Not only do many of the proposed "property rights" undermine the notion that these trade agreements are about meaningful competition, they are unconscionable to any decent society because they effectively mandate suffering and death to bolster corporate profits. For example, poor countries that import generic AIDS drugs that save thousands of lives have been sued to halt the practice as a violation of trade treaties.

While corporate and government officials eagerly pit many relatively prosperous North American workers against poverty-wage workers overseas and allow migrant workers to further depress pay at low-wage jobs, they simultaneously erect barriers to prevent foreign professionals like doctors and lawyers from practicing in the United States. The added costs to Americans of protectionism in these politically influential professions—though they may well be justified for non-economic reasons—dwarf those caused by more controversial protections like U.S. tariffs on steel imports. In our society, political power determines where markets will or will not be free.

Such market distortions also occur in many retail markets. In October, the Consumers Union issued a lengthy report showing that independent pharmacies beat chain competitors on price, service and overall satisfaction. So why have chain drug stores displaced more than one thousand independent shops in the past decade?

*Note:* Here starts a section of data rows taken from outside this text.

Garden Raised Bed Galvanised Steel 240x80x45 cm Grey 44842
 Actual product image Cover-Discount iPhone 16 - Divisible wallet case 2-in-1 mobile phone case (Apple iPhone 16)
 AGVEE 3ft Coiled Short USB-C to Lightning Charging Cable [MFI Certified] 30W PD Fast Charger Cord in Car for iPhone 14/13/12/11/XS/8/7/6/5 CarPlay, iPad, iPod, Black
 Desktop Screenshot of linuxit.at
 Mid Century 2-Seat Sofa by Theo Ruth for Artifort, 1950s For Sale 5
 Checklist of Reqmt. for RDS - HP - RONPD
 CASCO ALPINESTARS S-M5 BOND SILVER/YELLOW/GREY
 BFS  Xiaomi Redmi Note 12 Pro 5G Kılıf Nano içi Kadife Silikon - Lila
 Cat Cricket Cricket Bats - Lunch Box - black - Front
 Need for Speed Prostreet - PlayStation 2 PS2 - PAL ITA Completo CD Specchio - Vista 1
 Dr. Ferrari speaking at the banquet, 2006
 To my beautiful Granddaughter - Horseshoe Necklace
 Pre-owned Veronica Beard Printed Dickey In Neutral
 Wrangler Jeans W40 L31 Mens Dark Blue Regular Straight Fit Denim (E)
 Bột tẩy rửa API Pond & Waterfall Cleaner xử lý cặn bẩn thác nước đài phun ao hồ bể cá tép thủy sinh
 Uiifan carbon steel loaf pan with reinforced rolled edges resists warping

Government discrimination is a significant factor. For example, Pennsylvania’s health plan for state workers mandates that they fill prescriptions at Rite Aid or via online vendors. Where are those Republicans who so vocally object to “limiting choice” when it’s small businesses that are disadvantaged? Independent pharmacies also suffer under federal bias such as Congress’ prohibition on Internet sales tax, which forbid states from treating local business and mail order or Internet vendors equally. As a result, local businesses must compete against an effective federal subsidy of 4 to 6 percent in most states.

While the core reason for citizens to reject the FTAA is the ongoing attempt to rewrite international commerce rules in ways that trump democracy, citizens should not concede the premise of its title. We should shift debate to democratic terms and reject language that stacks the deck against us. Too bad “we want democracy, not corporate rule” doesn’t make much of a chant.

Jeff Milchen is the founder of ReclaimDemocracy.org, a non-profit organization dedicated to restoring democratic authority over corporations. This article first appeared in Tom Paine.com.